====== THE DATA ======

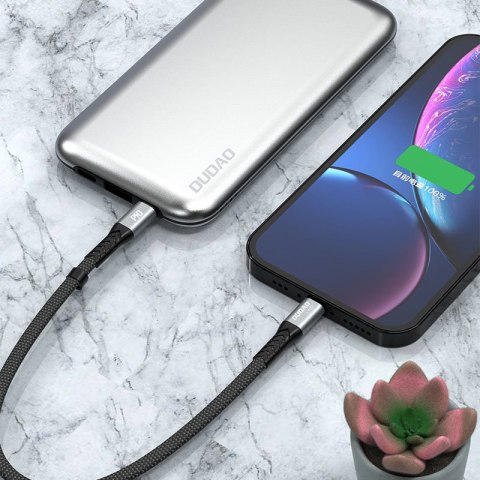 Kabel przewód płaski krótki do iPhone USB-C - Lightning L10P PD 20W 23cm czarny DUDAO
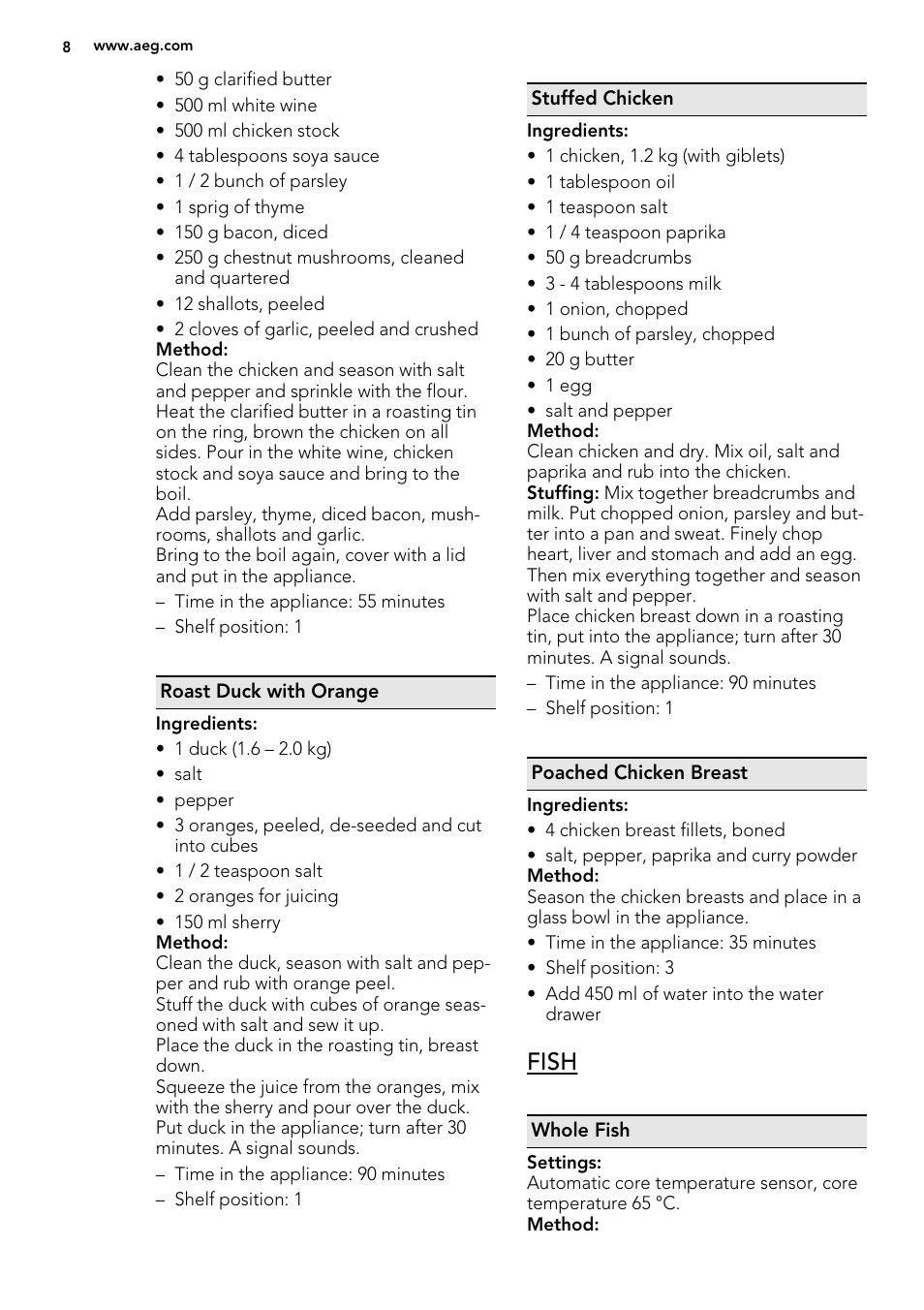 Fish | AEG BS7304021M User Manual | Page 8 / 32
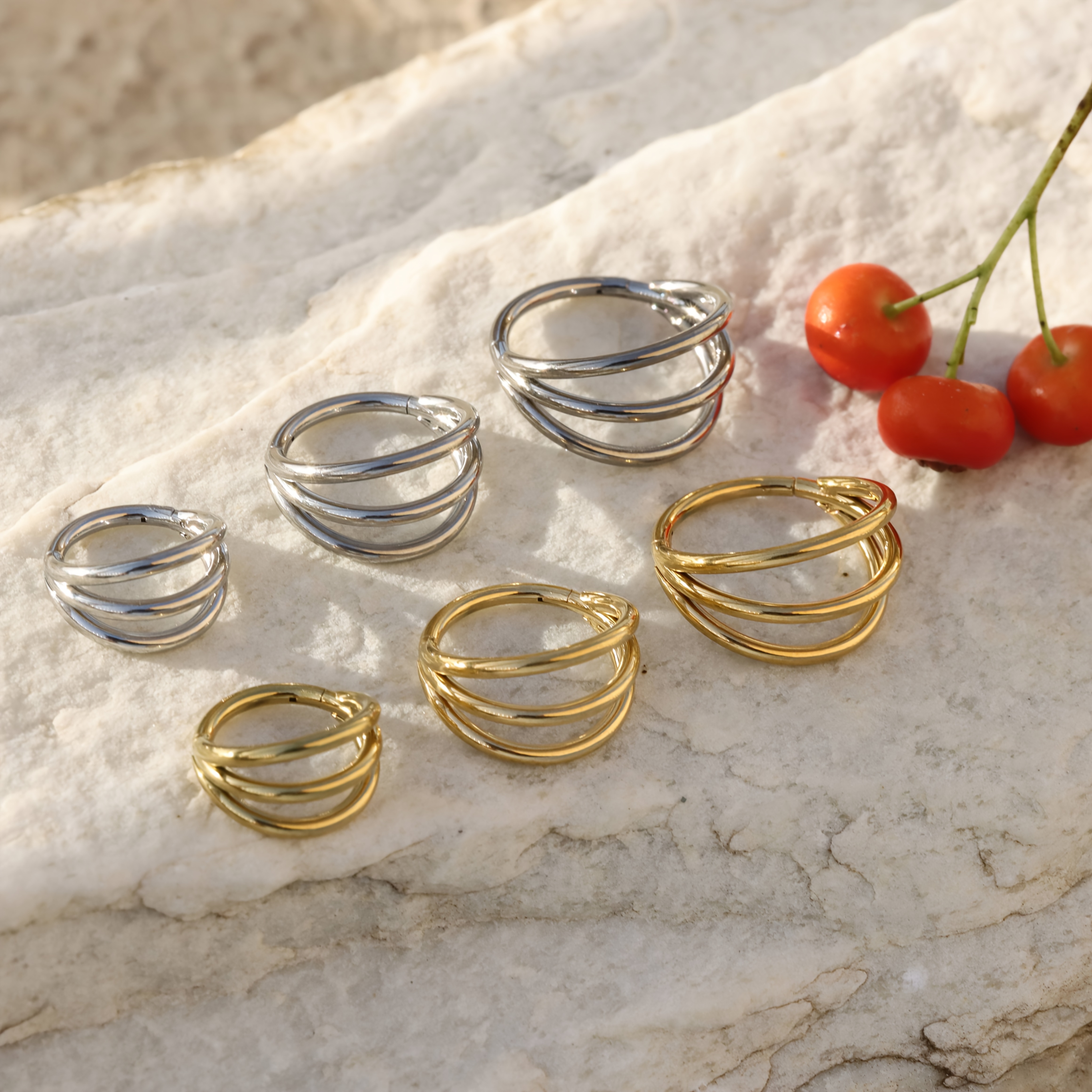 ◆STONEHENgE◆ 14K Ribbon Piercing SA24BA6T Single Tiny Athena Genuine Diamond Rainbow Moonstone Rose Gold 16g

======

WHAT TO WORK ON: Since the pictures are not wanted, give the material again exactly without them.

RESULT OF THE TASK:
 Kabel przewód płaski krótki do iPhone USB-C - Lightning L10P PD 20W 23cm czarny DUDAO
 Fish | AEG BS7304021M User Manual | Page 8 / 32
 ◆STONEHENgE◆ 14K Ribbon Piercing SA24BA6T Single Tiny Athena Genuine Diamond Rainbow Moonstone Rose Gold 16g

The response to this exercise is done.